Several months ago when we were all stuck inside of our houses during quarantine, a resurgence of baking took place in homes across the country: from sourdough starters to banana breads, from focaccia gardens to decorated birthday cakes left on doorsteps, we all started baking non-stop. Even flour, sugar, and yeast were in short supply at the grocery store. Maybe the introduction of this new hobby is what inspired me to, one day while mindlessly scrolling through Netflix, click on a series called “The Great British Baking Show”.

 “The Great British Baking Show” is a baking competition that takes place in Berkshire England in which a group of amateur bakers compete in a series of baking challenges in the hopes of impressing the two famous judges, Paul Hollywood and Prue Leith. Paul Hollywood is an English celebrity chef, and Prue Leith is considered one of the UK’s most renowned restaurateurs and caterers as well as a TV cook and writer. At the end of each episode, Paul and Prue declare one of the contestants “Star Baker” and send one contestant home. At the conclusion of a 10 episode season one baker earns the title of champion. Although in The Great British Baking Show there is no prize for the baker that comes in first place: instead they are rewarded with a festival that includes all of the contestants and their families, and their achievement is honored with a bouquet of flowers and a simply decorated cake stand representing all of their hard work. All of the bakers who take part in the competition are competing because they simply love to bake and want to showcase their skills; they do not receive any prize money or widespread recognition for their achievement, so the motivations of all the contestants are pure and unadulterated.

Unlike other culinary competition shows I’ve watched, “The Great British Baking Show” is not the least bit stressful or cut-throat. The contestants are people of all ages, professions, and backgrounds. They can be quirky, shy, serious, insecure, and funny, but they all share a love of baking. They want to do their best but never disparage or sabotage anyone else in the process and develop friendships with one another that last well beyond the show’s filming. During the show a relaxing ambiance is set by images of the English countryside, whimsical music, and beautiful desserts described in detail in soft voices with British accents. Each episode the bakers compete in three challenges reflecting a theme selected by the judges.

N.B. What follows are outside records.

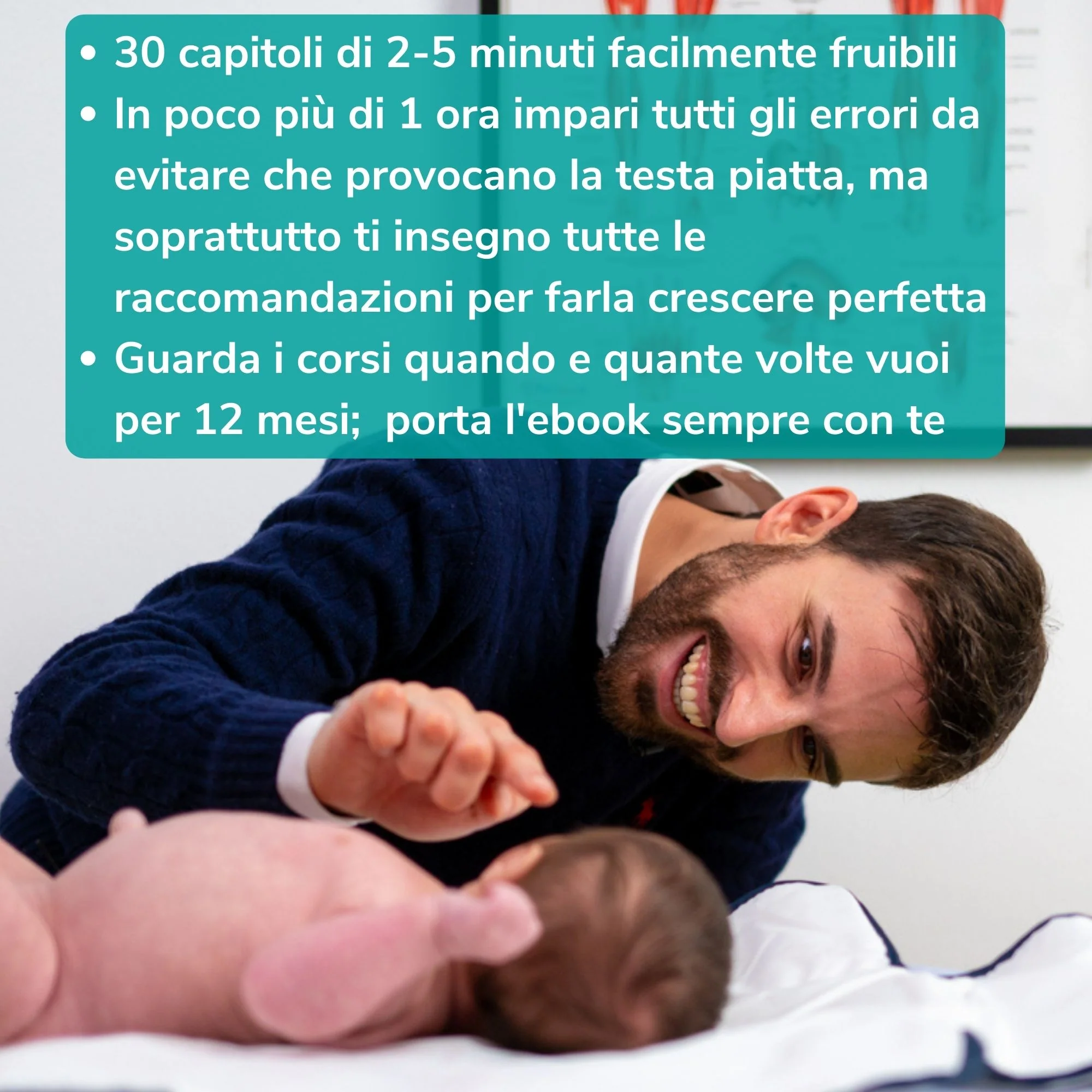 Bye bye testa piatta - immagine 5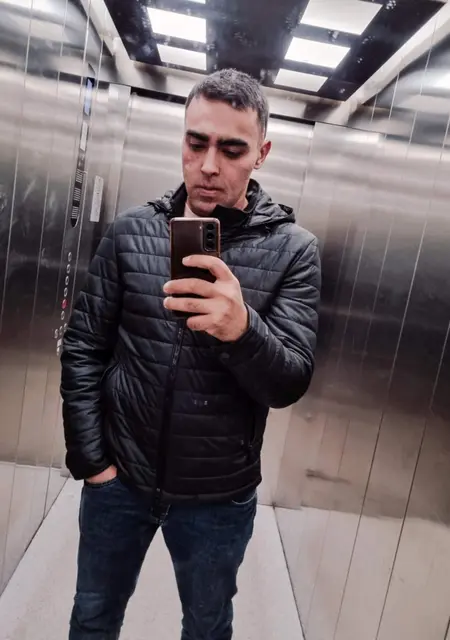 Я Рашад, 29, из Гёйгёль, ищу знакомство для постоянных отношений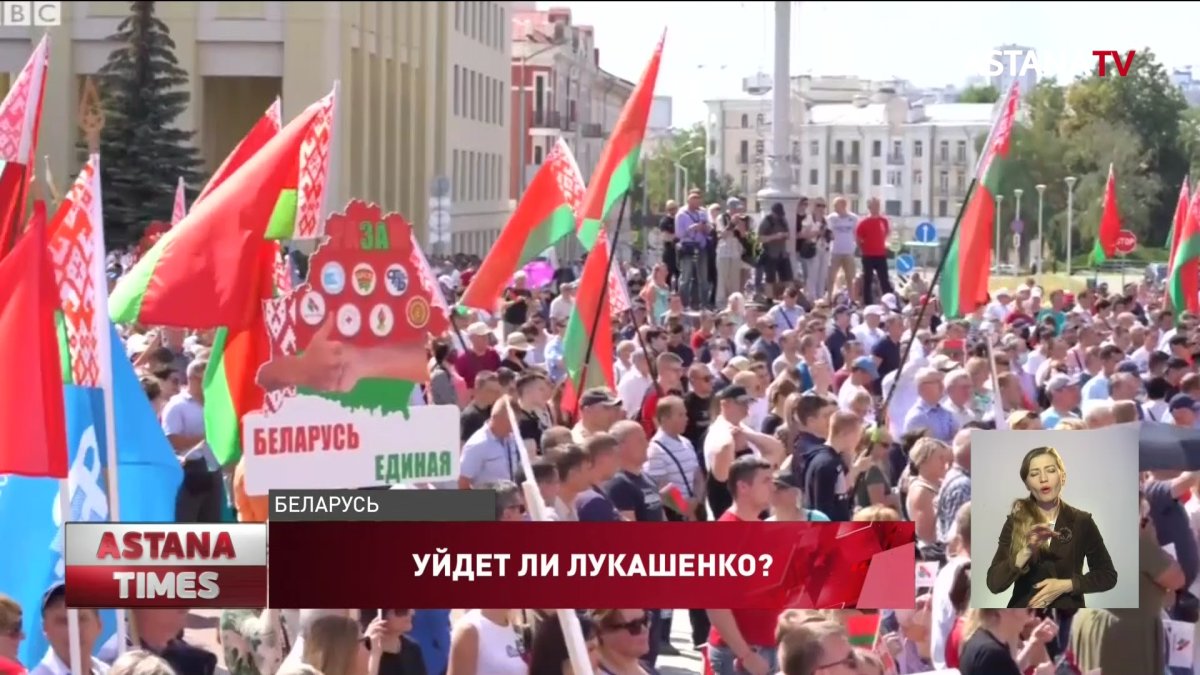 "Пока вы меня не убьете, других выборов не будет", - Лукашенко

The first challenge is the Signature and gives contestants the opportunity to choose their own flavors and put their personal touch on a common bakery item. The Technical Challenge is more difficult as each baker is given an identical and purposely vague recipe and has to create a perfect replica of a dessert that the judges choose. Their bakes are then judged blind and ranked from best to worst. The final challenge, the Show Stopper, is a complex bake that requires the bakers to showcase multiple skills and follow specific steps to create something visually impressive and equally delicious while balancing tight time constraints. The contestants make everything from puddings to pastries, savory pies, suspended shortbread displays, cakes, custards, breads, and so much more.

For the one hour you spend watching “The Great British Baking Show”, stress melts away like the liquid center of a “self saucing pudding” (also known as a molten lava cake), and there is nothing more important than a “lovely Genoise sponge” or a “perfectly executed choux pastry”. I didn’t think it was possible to become so emotionally invested in the successes and failures of home bakers or sit on the edge of my seat while waiting for bread dough to prove before baking. Not only is this show relaxing and entertaining, but it is also educational. I would have never had the occasion to learn the difference between a short crust and rough puff pastry, and after several seasons I know that it’s a mistake to ice a warm cake or add too much lavender to a crème bavarois.

“The Great British Baking Show” has easily become one of my favorite series to watch on Netflix. Like the desserts they showcase, it’s the perfect way to end a stressful day and focus on the simple joys you can create with just the right amount of flour, butter and sugar.